Joint work on corpora and tools is a central integrative element of AIPHES. Our strategy rests on four main pillars: (1) We compile and maintain the first German MDS reference corpus DBS, (2) we provide new English benchmark corpora for innovative MDS setups, (3) we research methods to compile large heterogeneous summarization corpora fully automatically or using crowdsourcing, and (4) we aim for the highest standards in terms of research data management and therefore set up a training program and rely on an open-source and open-data policy wherever possible.

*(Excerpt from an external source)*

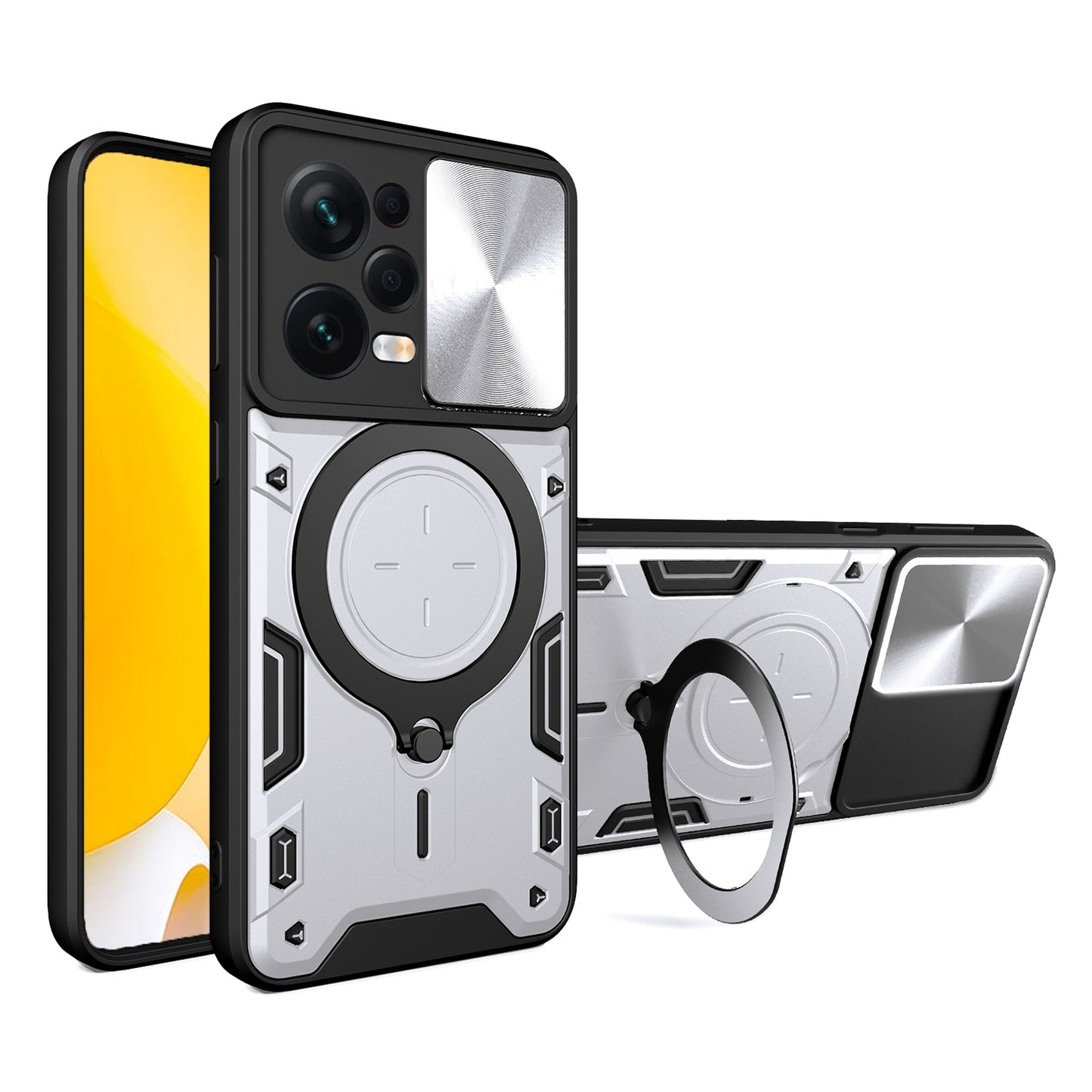 Xiaomi Redmi Note 12 Pro 5G Magnetic Holder CD Texture Sliding Camshield Phone Case, TPU PC Shockproof Cover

German MDS reference corpus. Prior to AIPHES, there have not been multi-document summarization corpora for the German language. We fill this gap by compiling a new corpus that consists of 93 summaries and 293 documents from 30 educational topics. Each topic contains about ten heterogeneous documents linked from the Deutsche Bildungsserver platform and between three to four human-written summaries. The reference corpus has first been published at COLING 2016 (Benikova et al., 2016) and already been used in multiple papers, e.g., for interactive summarization (P.V.S. and Meyer, 2017), studying summary evaluation metrics (Peyrard et al., 2017), and sentence regression models (Zopf et al., 2018).

English MDS reference corpus. The Clueweb12-based focused retrieval dataset by Habernal et al. (2016) has similar properties as our German reference corpus: It consists of 50 educational topics with 100 heterogeneous documents each. We have used this data to create a novel benchmark corpus of concept maps which received the best resource/application paper award at EMNLP (Falke and Gurevych, 2017) and a multi-faceted hierarchical summarization corpus (Tauchmann et al., 2018) that we plan to use for aspect-oriented summarization and for claim verification.

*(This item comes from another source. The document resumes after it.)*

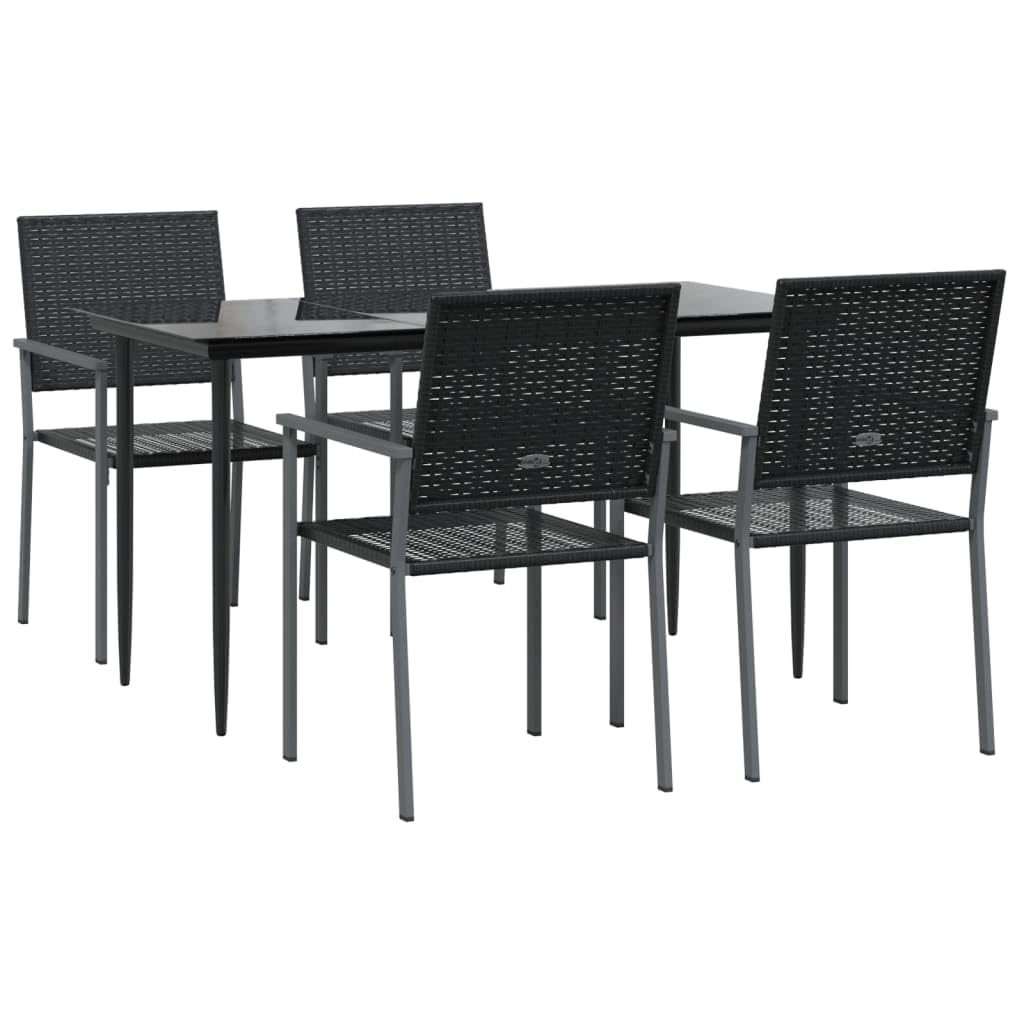 vidaXL 5 Piece Outdoor Dining Set with Armrests - PE Rattan and Steel - Weather-Resistant, Black, Tempered Glass Top Table, Suitable for Garden, Patio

Crowdsourcing and automated corpus construction. Both our concept maps and hierarchical summarization corpora have been created using innovative crowdsourcing approaches. Since deep learning methods typically require big training data of multiple thousand summaries, we have also investigated the fully automatic construction of large heterogeneous summarization corpora. Our core idea is to invert the summary generation process by starting with a Wikipedia expert and then finding possible sources on the web (Zopf et al., 2016). Using this methodology, we created the hMDS corpus with 91 English topics and 40 German topics. This reference corpus enabled us to bootstrap a fully automatic version of hMDS yielding a corpus of over 7,000 summaries that is well-suited for training deep learning methods (Zopf, 2018).

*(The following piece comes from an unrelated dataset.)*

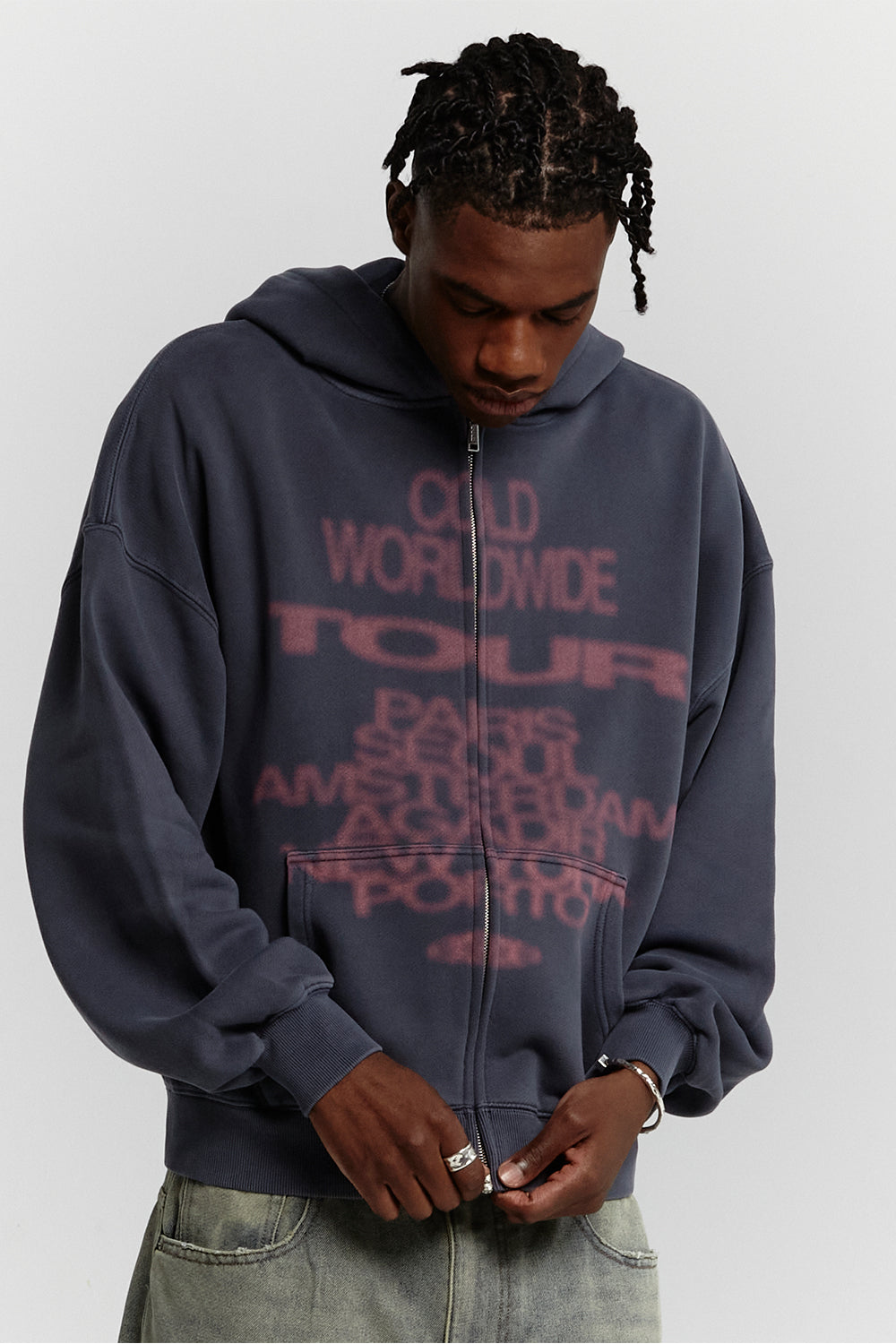 TOUR ZIP HOODIE DARK BLUE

Innovative summarization setups. Journalism serves as a major use case in AIPHES in order to apply novel information preparation methods to heterogeneous data from a real-world domain. To this end, we have recently created a corpus of journalistic live blogs (P.V.S. et al., 2018). Live blogs are dynamic news articles about a certain event (e.g., an election). Journalists update them manually during an ongoing event. To provide readers with concise up-to-date information, they regularly write or update a summary which can be seen as a multi-document summary of the individual news items.

In a research collaboration of all AIPHES guiding themes, we automatically annotate MDS corpora with a wide range of summary-relevant phenomena to jointly compare their effectiveness for MDS. A first joint publication has been recently accepted for publication (Zopf et al., 2018).

Research Data Management and Tools

Repository. Our corpora are available to the research community either openly from our GitHub repository or upon request. Since copyright is a severe constraint to foster MDS research, we also worked towards the C4Corpus (Habernal et al., 2016), a sub corpus of Common Crawl containing only documents that have been explicitly put under open licenses.

Tools. Due to the severe lack of NLP tools for the German language, we have created open-licensed preprocessing components (Remus et al., 2016), annotation schemas (Mújdricza-Maydt et al., 2016), and annotation tools (Meyer et al., 2016; Eckart de Castilho et al., 2016) for German.

Training and teaching. To disseminate knowledge within AIPHES, tools and corpora have been a core topic of our retreats and qualification program. In cooperation with the Heidelberg Graduate Academy and the University and State Library Darmstadt, we organized multiple research data management training courses. Also in university teaching, research data management has been a recurring topic. In the 2018 summer term, we organized, for example, a student lab project at TUDA around the hierarchical summarization corpus.